(Short text fragments from websites)
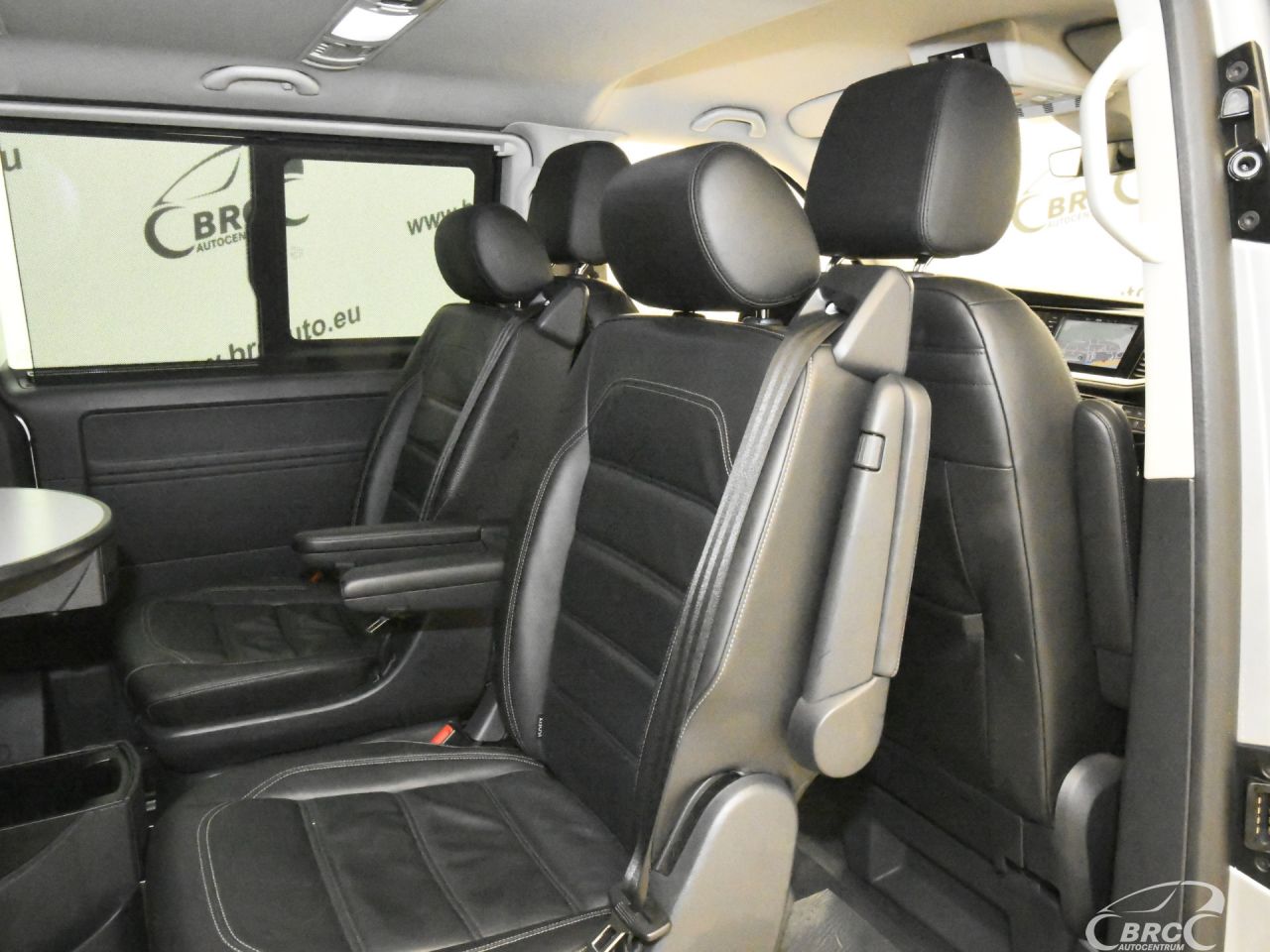 Volkswagen Multivan | 11
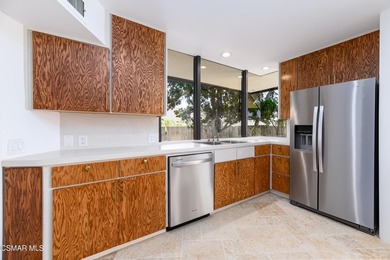 Enjoy expansive views from floor to ceiling windows in every - photo 26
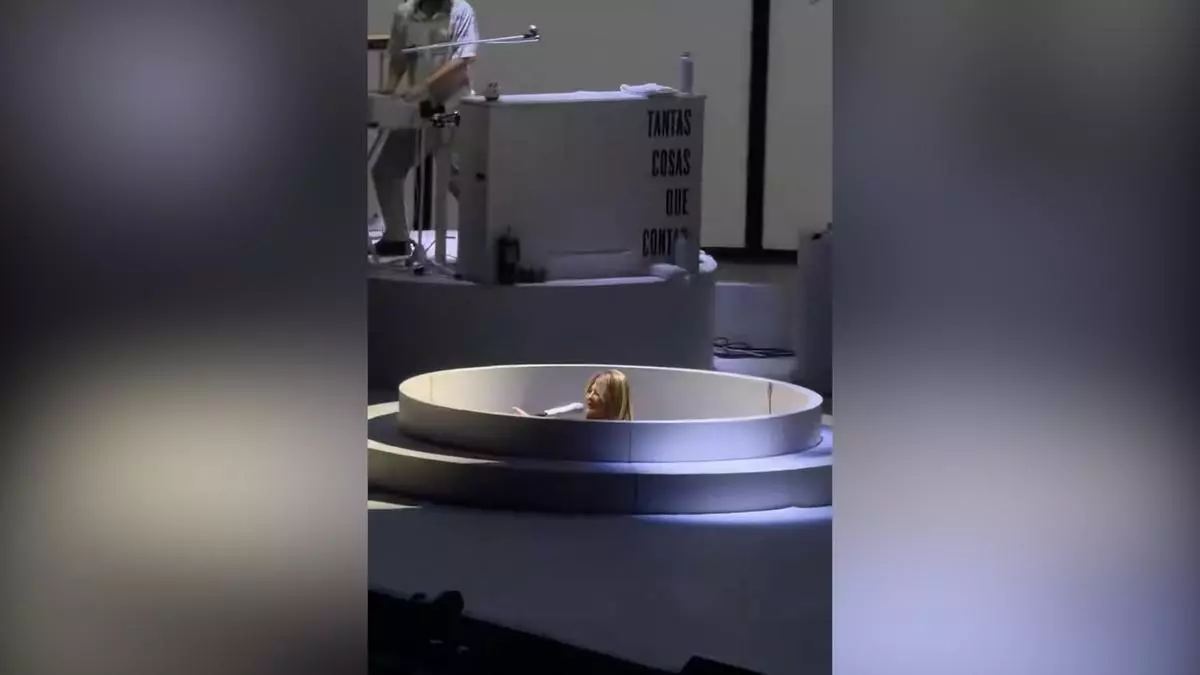 El momento en que Amaia Montero queda atrapada en una plataforma y sigue cantando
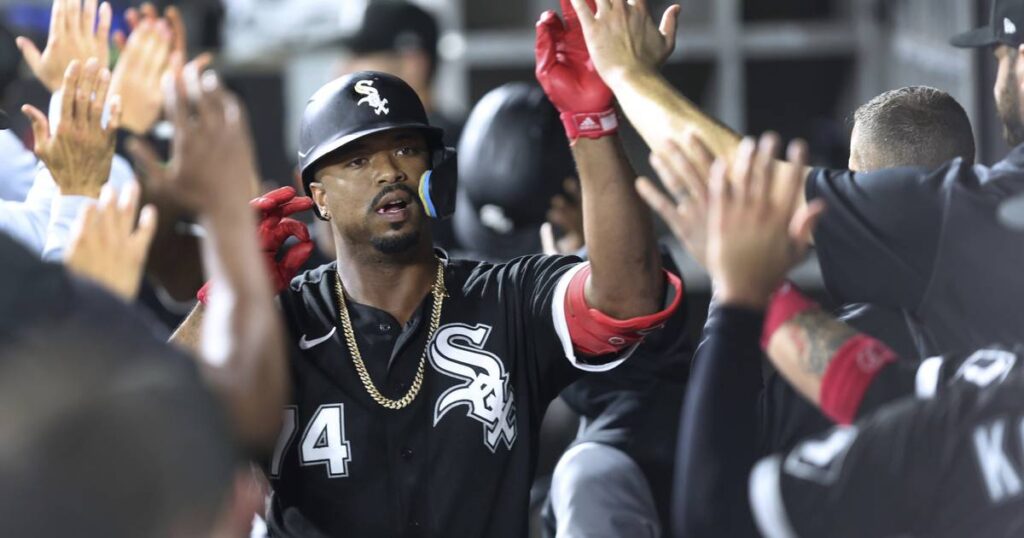 Eloy Jiménez stays hot with a 3-run homer in the Chicago White Sox’s 4-2 victory — their 10th win in 13 games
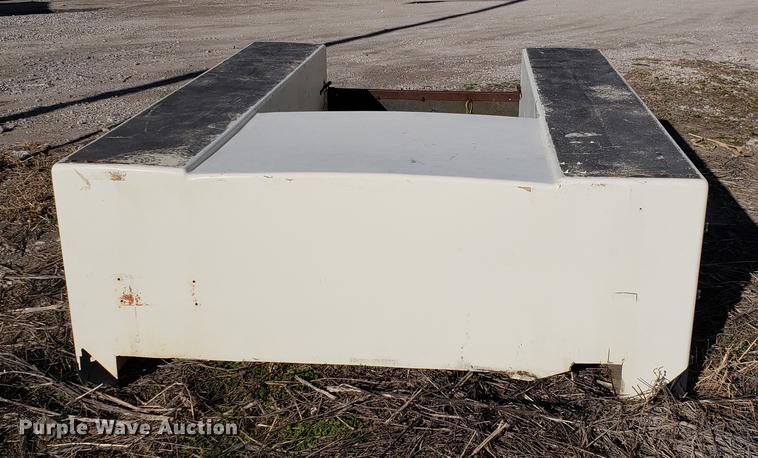 image for item AV9364 Utility bed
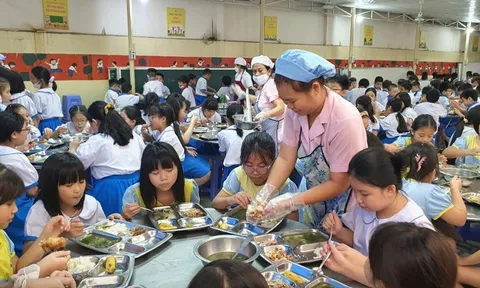Minh bạch thông tin về bữa ăn bán trú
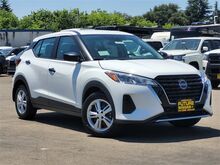 2025_Nissan_Kicks Play_S_ Roseville CA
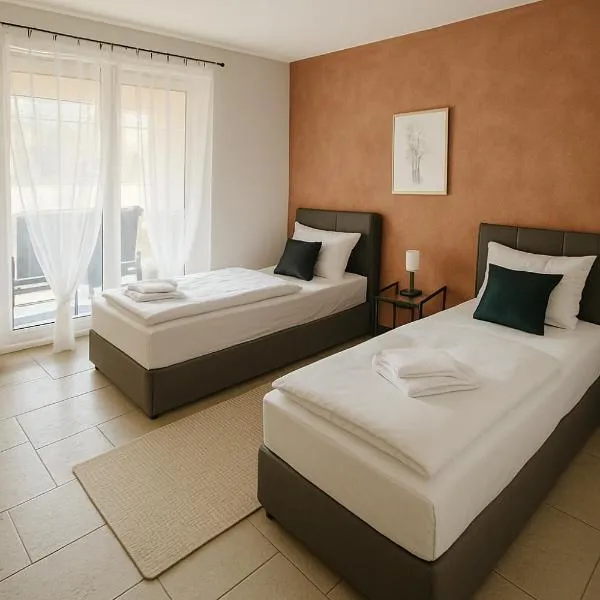 SUNNYHOME Ferienwohnung am Brückelsee, Hotel in Wackersdorf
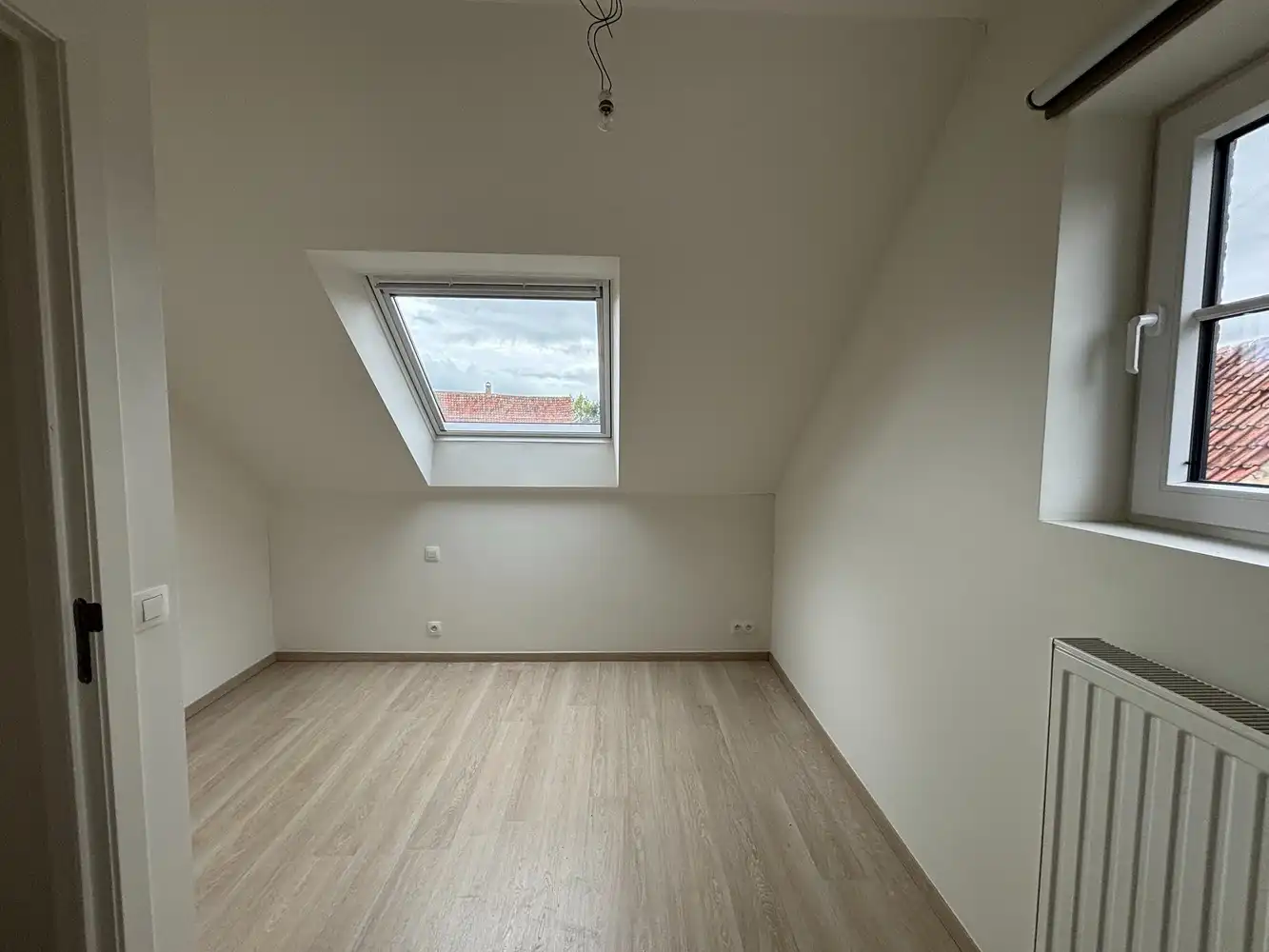 Ruime Instapklare woning te huur foto 9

◆ **Directions**
Could you retype every record exactly, leaving the pictures out?

◆ **Solved problem**
 Volkswagen Multivan | 11
 Enjoy expansive views from floor to ceiling windows in every - photo 26
 El momento en que Amaia Montero queda atrapada en una plataforma y sigue cantando
 Eloy Jiménez stays hot with a 3-run homer in the Chicago White Sox’s 4-2 victory — their 10th win in 13 games
 image for item AV9364 Utility bed
Minh bạch thông tin về bữa ăn bán trú
 2025_Nissan_Kicks Play_S_ Roseville CA
 SUNNYHOME Ferienwohnung am Brückelsee, Hotel in Wackersdorf
 Ruime Instapklare woning te huur foto 9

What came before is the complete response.